- Work item
Only the lines from the one containing "Our channel focus" through the end of the entries should be returned, exactly as they are, with the pictures omitted.

[Stored items]

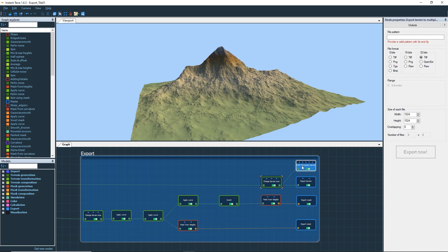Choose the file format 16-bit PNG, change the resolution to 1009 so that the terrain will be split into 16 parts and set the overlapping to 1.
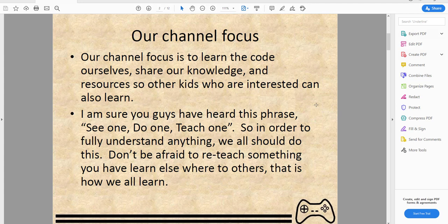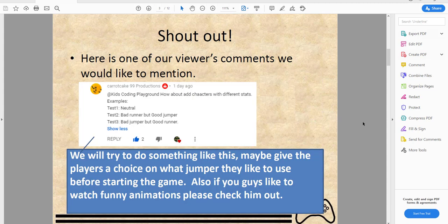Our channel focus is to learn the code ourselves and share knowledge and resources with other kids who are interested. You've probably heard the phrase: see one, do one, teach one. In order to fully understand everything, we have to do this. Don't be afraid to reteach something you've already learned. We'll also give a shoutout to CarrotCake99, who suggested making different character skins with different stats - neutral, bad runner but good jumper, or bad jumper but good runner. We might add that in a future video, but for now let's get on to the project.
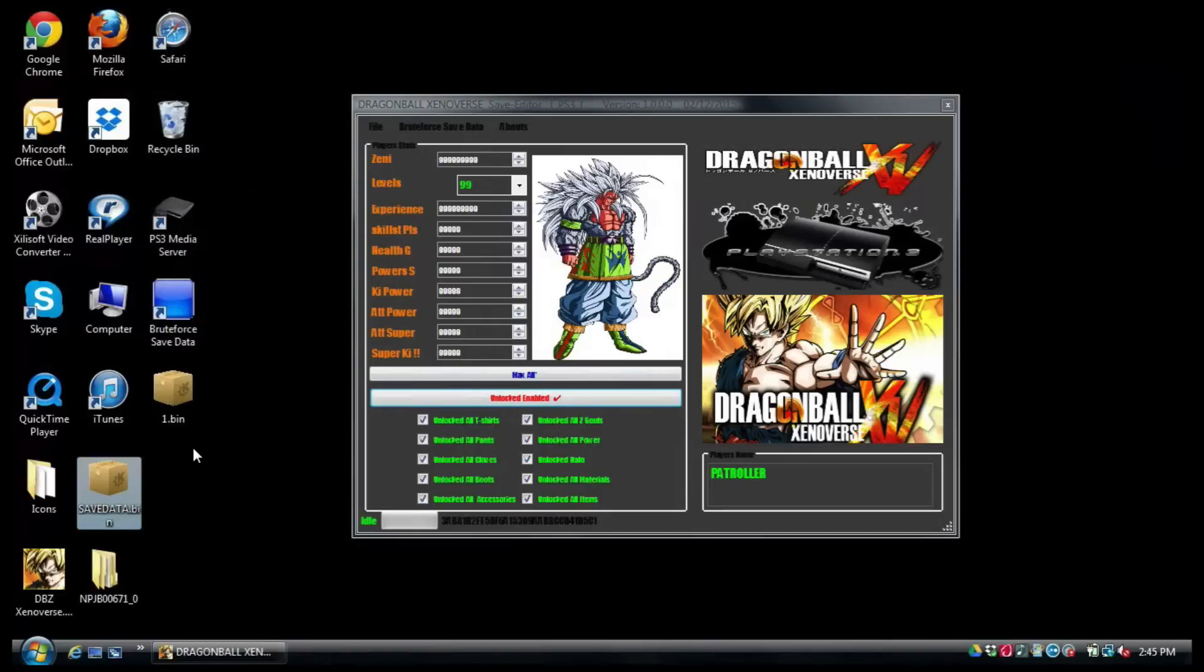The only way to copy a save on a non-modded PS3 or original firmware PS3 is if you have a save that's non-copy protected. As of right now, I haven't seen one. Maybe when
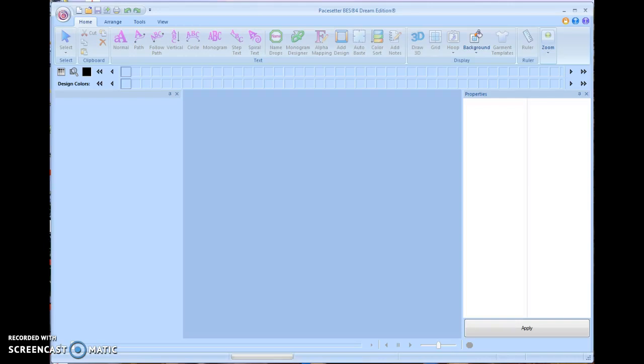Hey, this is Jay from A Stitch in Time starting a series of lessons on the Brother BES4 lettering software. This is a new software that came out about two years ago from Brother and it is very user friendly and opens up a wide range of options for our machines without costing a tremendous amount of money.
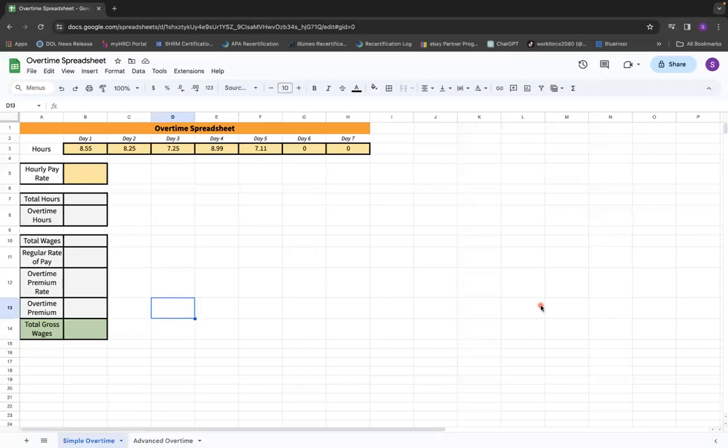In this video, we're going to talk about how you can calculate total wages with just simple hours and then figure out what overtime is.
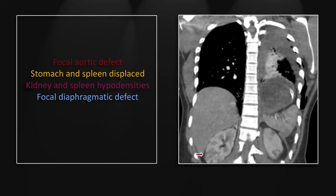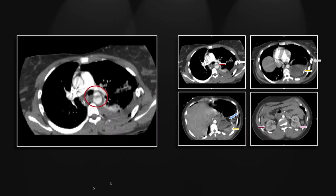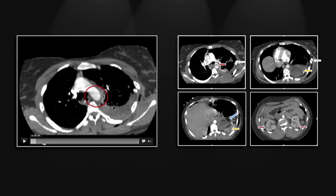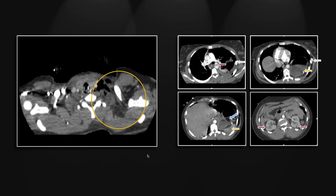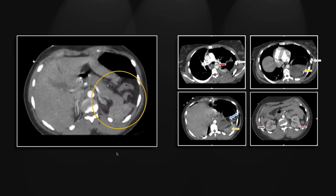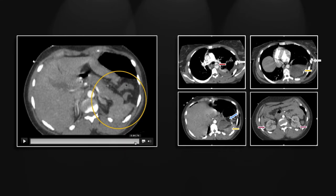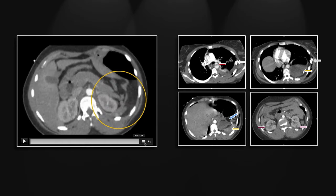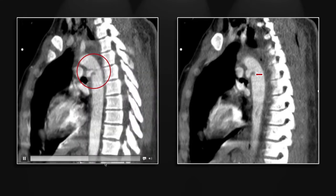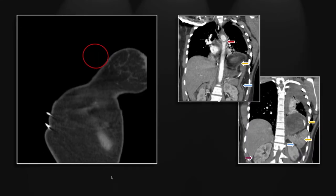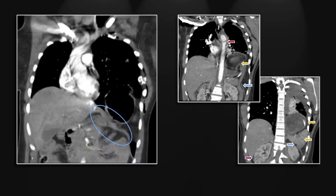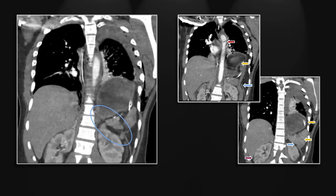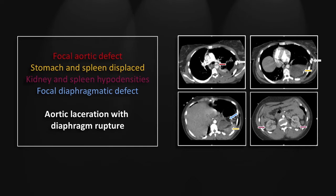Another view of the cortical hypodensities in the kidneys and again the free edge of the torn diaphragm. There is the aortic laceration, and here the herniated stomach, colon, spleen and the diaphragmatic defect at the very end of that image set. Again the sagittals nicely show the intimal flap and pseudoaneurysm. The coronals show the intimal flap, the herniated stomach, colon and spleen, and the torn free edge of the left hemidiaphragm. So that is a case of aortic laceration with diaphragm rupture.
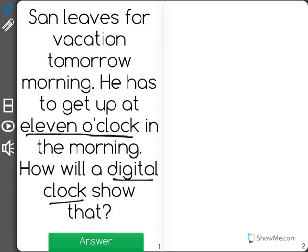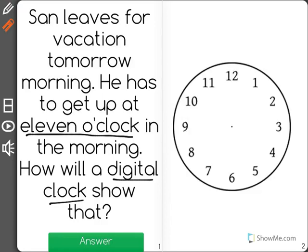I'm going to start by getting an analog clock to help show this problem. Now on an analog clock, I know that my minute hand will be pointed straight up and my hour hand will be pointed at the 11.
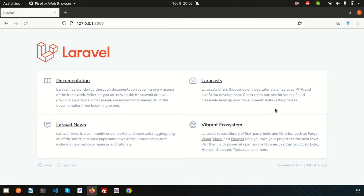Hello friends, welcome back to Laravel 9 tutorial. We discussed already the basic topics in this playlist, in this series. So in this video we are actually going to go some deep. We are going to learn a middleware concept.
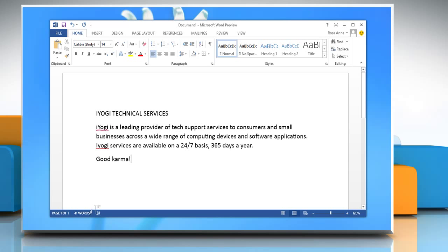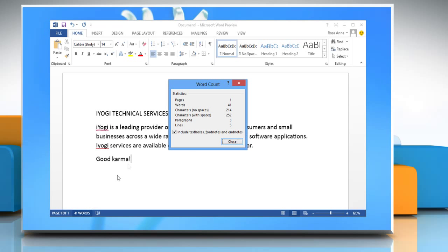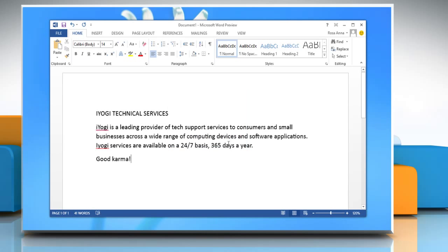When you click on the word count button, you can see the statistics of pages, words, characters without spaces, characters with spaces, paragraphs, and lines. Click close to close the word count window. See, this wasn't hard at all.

- Solution to the problem
Our channel focus is to learn the code ourselves and share knowledge and resources with other kids who are interested. You've probably heard the phrase: see one, do one, teach one. In order to fully understand everything, we have to do this. Don't be afraid to reteach something you've already learned. We'll also give a shoutout to CarrotCake99, who suggested making different character skins with different stats - neutral, bad runner but good jumper, or bad jumper but good runner. We might add that in a future video, but for now let's get on to the project.
The only way to copy a save on a non-modded PS3 or original firmware PS3 is if you have a save that's non-copy protected. As of right now, I haven't seen one. Maybe when
Hey, this is Jay from A Stitch in Time starting a series of lessons on the Brother BES4 lettering software. This is a new software that came out about two years ago from Brother and it is very user friendly and opens up a wide range of options for our machines without costing a tremendous amount of money.
In this video, we're going to talk about how you can calculate total wages with just simple hours and then figure out what overtime is.
Another view of the cortical hypodensities in the kidneys and again the free edge of the torn diaphragm. There is the aortic laceration, and here the herniated stomach, colon, spleen and the diaphragmatic defect at the very end of that image set. Again the sagittals nicely show the intimal flap and pseudoaneurysm. The coronals show the intimal flap, the herniated stomach, colon and spleen, and the torn free edge of the left hemidiaphragm. So that is a case of aortic laceration with diaphragm rupture.
I'm going to start by getting an analog clock to help show this problem. Now on an analog clock, I know that my minute hand will be pointed straight up and my hour hand will be pointed at the 11.
Hello friends, welcome back to Laravel 9 tutorial. We discussed already the basic topics in this playlist, in this series. So in this video we are actually going to go some deep. We are going to learn a middleware concept.
When you click on the word count button, you can see the statistics of pages, words, characters without spaces, characters with spaces, paragraphs, and lines. Click close to close the word count window. See, this wasn't hard at all.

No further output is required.